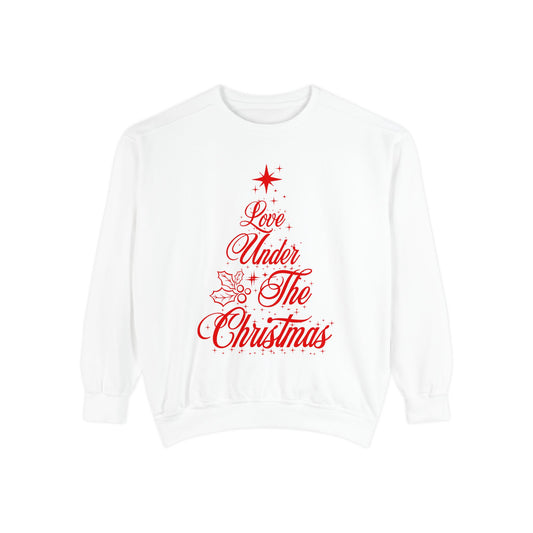 Love Under The Christmas Tree Sweatshirt | Designed in Italy by Elisa Savoia | Giada Valenti Collection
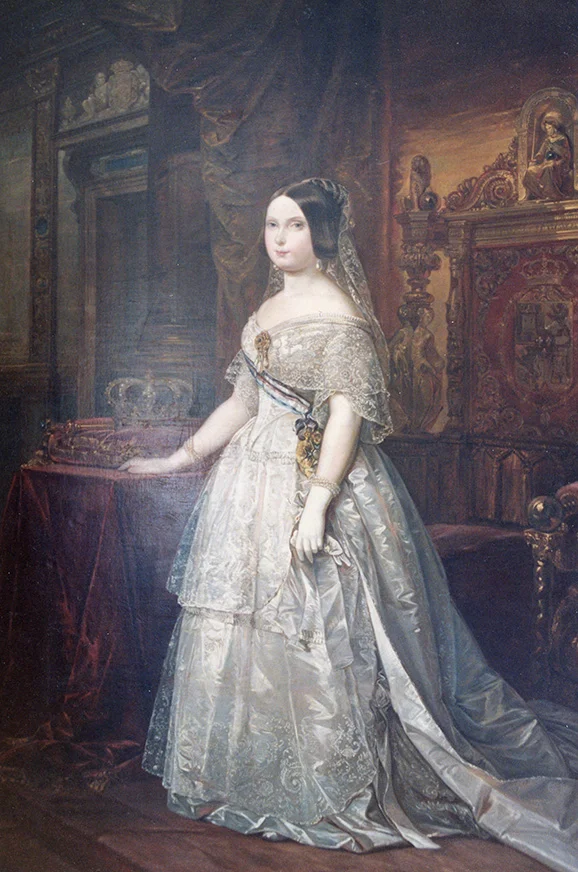Museo de León: Mundo Contemporáneo - Retrato de Isabel II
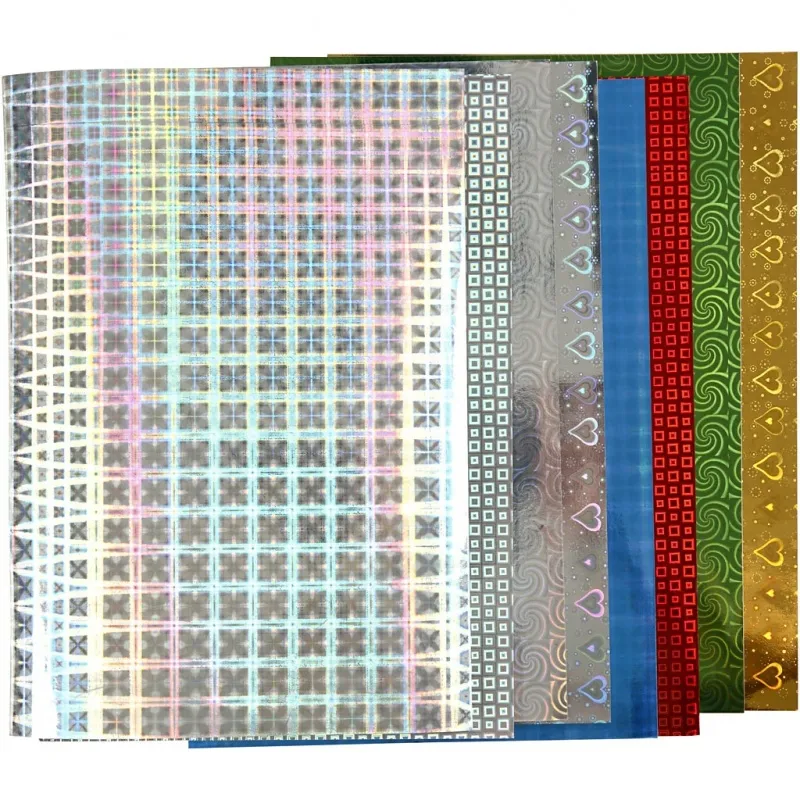 Hologramm-Papier, A4, Blatt 210x297 mm, 120 g, 80 Bl. sort./ 1 Pck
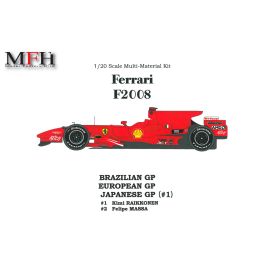 Ferrari F2008 1/20 Model Factory Hiro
━━━━━━━━━━━━━━━━
• _Work request_: Write out the whole listing exactly. Do not include the pictures.

• _Solved exercise_:
 Love Under The Christmas Tree Sweatshirt | Designed in Italy by Elisa Savoia | Giada Valenti Collection
Museo de León: Mundo Contemporáneo - Retrato de Isabel II
 Hologramm-Papier, A4, Blatt 210x297 mm, 120 g, 80 Bl. sort./ 1 Pck
 Ferrari F2008 1/20 Model Factory Hiro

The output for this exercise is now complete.